NOUVELLES AFFECTATIONS, NOUVELLES ADAPTATIONS

En 1959, j’ai reçu une lettre m’informant que j’étais appelé au Béthel. Cette forme de service m’a donné l’occasion d’apprendre encore de nombreuses choses. Au bout d’un certain temps, on m’a demandé d’effectuer des visites de zone, à l’étranger. Lors d’une de ces visites, j’ai rencontré Janet Dumond, missionnaire en Thaïlande. Nous nous sommes écrit quelque temps, puis nous nous sommes mariés. Cela fait 51 ans que nous avons la joie de servir Jéhovah ensemble.

Avec Janet, sur l’une des nombreuses îles des Philippines.

En tout, j’ai eu le plaisir d’effectuer des visites dans 33 pays. Je suis très heureux que mes premières affectations m’aient aidé à me préparer aux difficultés que j’allais rencontrer en côtoyant une telle diversité de personnes ! Ces visites ont élargi ma vision des choses et m’ont permis de comprendre à quel point l’amour de Jéhovah s’étend à des gens de toutes sortes (Actes 10:34, 35).

Nous nous efforçons de prêcher régulièrement.

JE CONTINUE DE M’ADAPTER...

Quel plaisir de nous dépenser aux côtés de nos frères des Philippines ! Ce pays compte aujourd’hui dix fois plus de proclamateurs que lorsque je suis arrivé.
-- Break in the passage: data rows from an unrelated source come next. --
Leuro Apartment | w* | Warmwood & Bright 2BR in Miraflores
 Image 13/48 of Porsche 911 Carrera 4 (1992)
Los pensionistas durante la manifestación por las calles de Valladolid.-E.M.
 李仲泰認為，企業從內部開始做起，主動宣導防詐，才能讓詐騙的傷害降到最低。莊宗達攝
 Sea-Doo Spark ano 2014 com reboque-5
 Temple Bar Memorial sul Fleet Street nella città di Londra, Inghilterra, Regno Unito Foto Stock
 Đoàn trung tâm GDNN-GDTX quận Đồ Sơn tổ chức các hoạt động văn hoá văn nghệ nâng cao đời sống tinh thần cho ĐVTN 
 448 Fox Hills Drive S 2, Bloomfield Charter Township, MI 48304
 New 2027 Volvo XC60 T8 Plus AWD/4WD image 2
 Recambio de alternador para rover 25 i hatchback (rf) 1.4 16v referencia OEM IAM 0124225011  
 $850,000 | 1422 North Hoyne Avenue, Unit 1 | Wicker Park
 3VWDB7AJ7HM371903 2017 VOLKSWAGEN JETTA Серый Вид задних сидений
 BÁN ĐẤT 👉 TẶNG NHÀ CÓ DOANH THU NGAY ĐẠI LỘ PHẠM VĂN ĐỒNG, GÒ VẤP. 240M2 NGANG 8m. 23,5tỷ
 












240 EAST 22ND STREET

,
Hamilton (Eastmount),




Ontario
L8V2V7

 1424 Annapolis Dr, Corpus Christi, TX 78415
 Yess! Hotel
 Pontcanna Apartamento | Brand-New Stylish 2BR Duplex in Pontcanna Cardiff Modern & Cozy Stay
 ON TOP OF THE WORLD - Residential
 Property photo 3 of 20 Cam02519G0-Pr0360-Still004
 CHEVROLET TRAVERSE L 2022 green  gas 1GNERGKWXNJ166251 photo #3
Janet et moi sommes toujours à la filiale des Philippines, à Quezon City. Même après plus de 60 ans passés dans cette affectation à l’étranger, j’ai toujours besoin de m’adapter à ce que Jéhovah demande. Les récents changements organisationnels exigent que nous restions souples dans notre service pour Dieu et pour nos frères.

L’augmentation du nombre de Témoins nous remplit de joie.

Nous nous sommes toujours efforcés d’accepter ce qui nous paraissait être la volonté de Jéhovah, et ce mode de vie nous a procuré une immense satisfaction. Nous nous sommes aussi efforcés de nous adapter à chaque situation nouvelle et de servir nos frères de notre mieux. Nous sommes déterminés à être, aussi longtemps que Jéhovah le voudra, « toutes choses pour des gens de toutes sortes » !

Nous travaillons toujours à la filiale des Philippines, à Quezon City.